Peter closed his eyes, expecting the worst of Wendy. For her to look at him with the disgust he so rightfully deserve. For her to yell at him, demand that he take her home and forbid him to come back. After several long and tense moments, he dared to open and eye and look at her. What he saw made him forget everything.
Wendy was looking at Peter with a mixture of admiration and amazement. Tears streamed down her face as her hands covered her mouth. She was shocked. There was no other way to say it. Wendy had always known Peter was something else, something incredible to behold, bet never to this extent. To have gone through all he had and to still be able to function took more courage than anyone she had ever known had. Wendy couldn't sit quiet and still anymore. She lunged at Peter and hugged him like she never had.

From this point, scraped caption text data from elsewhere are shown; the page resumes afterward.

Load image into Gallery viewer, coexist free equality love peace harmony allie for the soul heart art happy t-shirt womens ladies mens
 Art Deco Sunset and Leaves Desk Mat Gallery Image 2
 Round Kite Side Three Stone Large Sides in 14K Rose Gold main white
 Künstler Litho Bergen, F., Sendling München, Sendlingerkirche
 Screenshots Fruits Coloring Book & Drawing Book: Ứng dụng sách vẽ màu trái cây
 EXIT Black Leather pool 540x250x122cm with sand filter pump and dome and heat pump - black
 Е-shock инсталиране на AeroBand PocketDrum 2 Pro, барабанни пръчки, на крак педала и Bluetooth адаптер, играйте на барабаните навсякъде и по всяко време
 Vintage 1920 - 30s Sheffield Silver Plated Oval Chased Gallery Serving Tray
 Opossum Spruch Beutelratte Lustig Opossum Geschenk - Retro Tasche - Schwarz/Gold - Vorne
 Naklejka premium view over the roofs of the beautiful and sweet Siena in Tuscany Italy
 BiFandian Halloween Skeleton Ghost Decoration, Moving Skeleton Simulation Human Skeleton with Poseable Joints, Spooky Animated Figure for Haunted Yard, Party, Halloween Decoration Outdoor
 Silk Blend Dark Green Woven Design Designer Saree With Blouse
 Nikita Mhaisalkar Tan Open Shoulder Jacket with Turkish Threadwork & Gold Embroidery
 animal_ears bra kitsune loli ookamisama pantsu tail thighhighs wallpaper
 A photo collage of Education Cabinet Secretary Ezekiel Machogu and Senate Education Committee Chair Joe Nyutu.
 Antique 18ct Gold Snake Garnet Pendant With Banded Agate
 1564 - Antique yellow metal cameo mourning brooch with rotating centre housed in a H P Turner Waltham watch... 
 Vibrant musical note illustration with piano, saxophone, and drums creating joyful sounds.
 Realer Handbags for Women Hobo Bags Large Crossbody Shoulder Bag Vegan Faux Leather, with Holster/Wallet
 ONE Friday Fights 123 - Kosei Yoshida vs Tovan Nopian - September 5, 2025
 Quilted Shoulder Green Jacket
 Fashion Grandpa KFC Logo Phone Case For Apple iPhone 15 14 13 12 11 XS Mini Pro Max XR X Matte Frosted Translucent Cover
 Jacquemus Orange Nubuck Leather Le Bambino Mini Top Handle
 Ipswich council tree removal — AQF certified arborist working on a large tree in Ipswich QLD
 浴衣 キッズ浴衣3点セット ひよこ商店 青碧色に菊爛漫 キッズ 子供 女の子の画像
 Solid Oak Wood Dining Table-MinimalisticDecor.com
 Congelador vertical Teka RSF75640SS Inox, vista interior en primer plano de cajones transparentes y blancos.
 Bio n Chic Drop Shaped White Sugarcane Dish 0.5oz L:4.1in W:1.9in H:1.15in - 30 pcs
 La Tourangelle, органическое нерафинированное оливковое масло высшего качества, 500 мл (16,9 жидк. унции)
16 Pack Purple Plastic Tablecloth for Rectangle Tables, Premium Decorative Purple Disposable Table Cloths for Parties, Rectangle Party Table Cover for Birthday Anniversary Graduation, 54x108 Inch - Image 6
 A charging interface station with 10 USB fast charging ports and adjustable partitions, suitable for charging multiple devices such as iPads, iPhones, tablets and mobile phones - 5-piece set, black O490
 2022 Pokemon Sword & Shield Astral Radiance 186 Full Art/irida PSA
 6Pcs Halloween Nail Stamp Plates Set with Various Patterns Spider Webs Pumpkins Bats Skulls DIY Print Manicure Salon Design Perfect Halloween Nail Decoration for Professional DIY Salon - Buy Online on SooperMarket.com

"You, Peter Pan, are the bravest person I've ever had the pleasure of meeting," she whispered in his ear. "I'm sorry you ever had to go through that. You never will have to go through anything like that again."
That was all it took. Peter Pan broke down. He hugged his Wendy back and let out all the tears he'd ever held back. The two stayed like that for a while, until Peter had run dry of tears. It was only then, after all that time, that the boy realized just how uncomfortable Wendy must be. He was certainly going to be stiff in the neck later on.
Without much resistance, he pulled them into a laying position, with Wendy laying on him. They were both content to just be. There was no reason to think of the past or future. They just were.
Peter Pan and Wendy Darling fell asleep like that, in the hammock in each other's arms. It was the first night since he was a little boy in which Peter slept with no nightmares of one kind or another. When he woke the next morning feeling more well rested than he had in quite some time, he had come to a decision. One which he thought was about time. He wasn't afraid anymore, not that he ever was, enough so to be comfortable in his choice. Today. He would tell Wendy today.
"I'm going to grow up," Peter Pan whispered to no one in particular. Tinker Bell would continue his work, in finding Lost Boys who needed Neverland, and they would continue fighting Hook and his merry band of pirates. Tink would miss him, and then forget him. She was a faery after all. He couldn't expect her to miss him for long. There simply wasn't enough room in her tiny body to miss him too long. Besides, Tink would find another to become leader and she'd stick with him. He had Wendy now. She was what he had been waiting for before he could grow up. To grow up would be an awfully big adventure. To grow up with Wendy, Peter didn't even know words could describe the kind of adventure that would be. But he'd learn them. If they were out there, he'd learn them.
With that, Peter watched the sun rise, opting to let his Wendy sleep just that much longer. It was the least he could do for what she had done for him.